U.S. Patent No. 3,359,678 issued on December 26, 1967 to Wham-O Manufacturing Co. for a “Flying Saucer.” Wham-O’s flying discs, called Frisbees, were modelled after pie tins manufactured by the Frisbie Pie Company of Bridgeport, Connecticut, that were first flung around campus by students at Yale University in the 1920s. By constructing the discs out of plastic, Wham-O’s Frisbees were easier to grip and more aerodynamic than the original metal pie tins. Contrary to the plot of The Hudsucker Proxy, it wasn’t Norville’s Barnes (played by Tim Robbins) who invented the Hula Hoop ("you know...for kids"), it was the same Wham-O, who had success with this iconic plastic toy a few years earlier when it introduced a hoop toy that a user could swivel around his or her body. Wham-O’s Hula Hoop was patented on March 5, 1963 as U.S. Patent No. 3,079,728.

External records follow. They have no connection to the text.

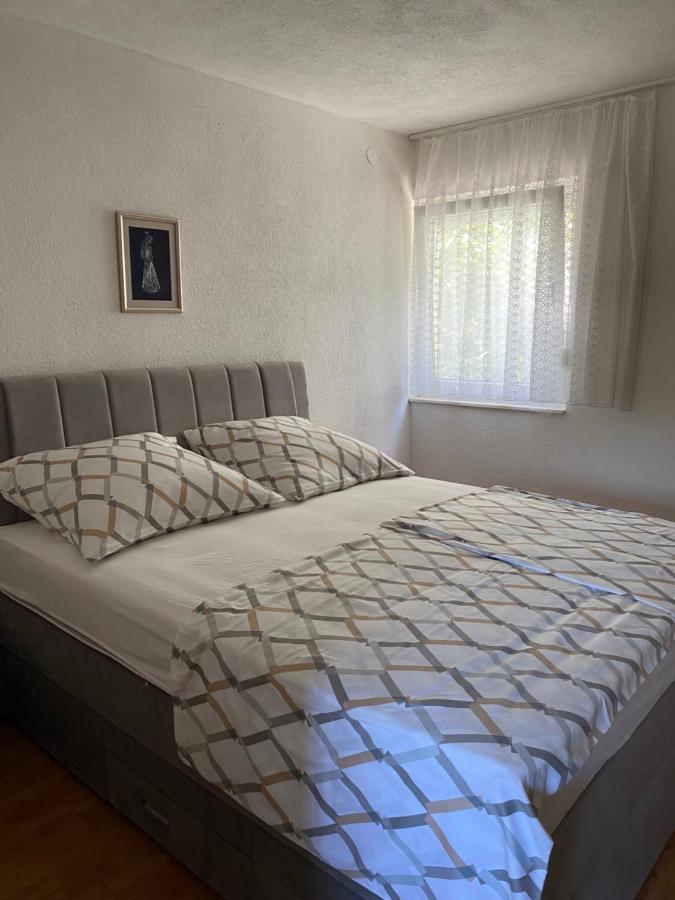 Apartments Simic Trogir Bagian luar foto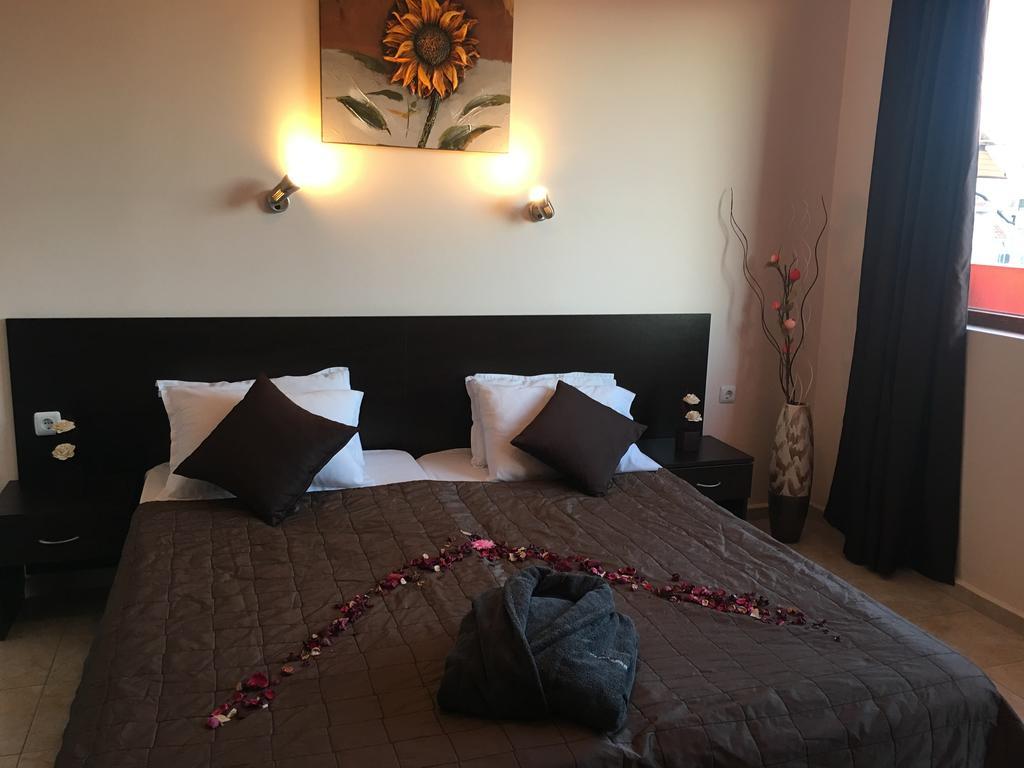 פומורי Beach Aparthotel Salt Lake מראה חיצוני תמונה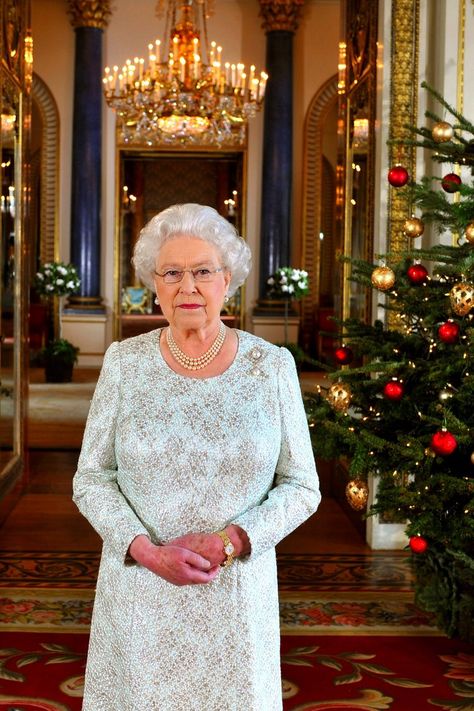 This Is What Christmas Looks Like in the British Royal Palaces Ratu Elizabeth, Royal Family Christmas, The Queen Of England, Rainha Elizabeth Ii, Principe William, Royal Christmas, Christmas Traditions Family, Reine Elizabeth, Principe Harry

Some toys have been able to reach iconic levels even without initial patent protection. For example, the first Mr. Potato Head kit was not patented but it’s history is well known. George Lerner invented his kit in 1949 as a set of plastic body parts that could be attached to a potato or other vegetables, letting children effectively design their own dolls. Mr. Lerner’s entrepreneurial aspirations were not initially successful in finding someone to manufacture his toy, so it was originally provided as a prize in cereal boxes. When the Rhode Island Hassenfeld Brothers Company (now known as Hasbro) acquired rights to the design, they included a Styrofoam head with the kit for the first time. The re-packaged Mr. Potato Head debuted in 1952 and sold over 1 million units, at 98 cents apiece, in its first year. Hasbro agreed to pay Mr. Lerner a $500 advance and 5 percent royalties for every set sold. However, had the original concept been patented, Mr. Lerner likely would have been much more successful. In an effort to recapture this success, Mr. Lerner worked on a new-and-improved Mr. Potato Head-type toy. On May 9, 1972, he was awarded U.S. Patent No. 3,660,926 for a “Magnetically Coupled Toy Assembly,” covering decorative magnetic body parts provided in a metallic container where the parts could be attached to the container. However, given the great marketing success of the original Mr. Potato Head – the first ever television commercial directed to children premiered on April 30, 1952 for Mr. Potato Head – Mr. Lerner’s new design could not supplant his earlier design and was not successful. Numerous other utility and design patents for features of the Mr. Potato Head concept have since been issued cementing its status as an iconic toy.

I come across many patents each year for new toys and games and I often wonder which ones will become the new “must have” that my children will reminisce about to their kids and grandkids.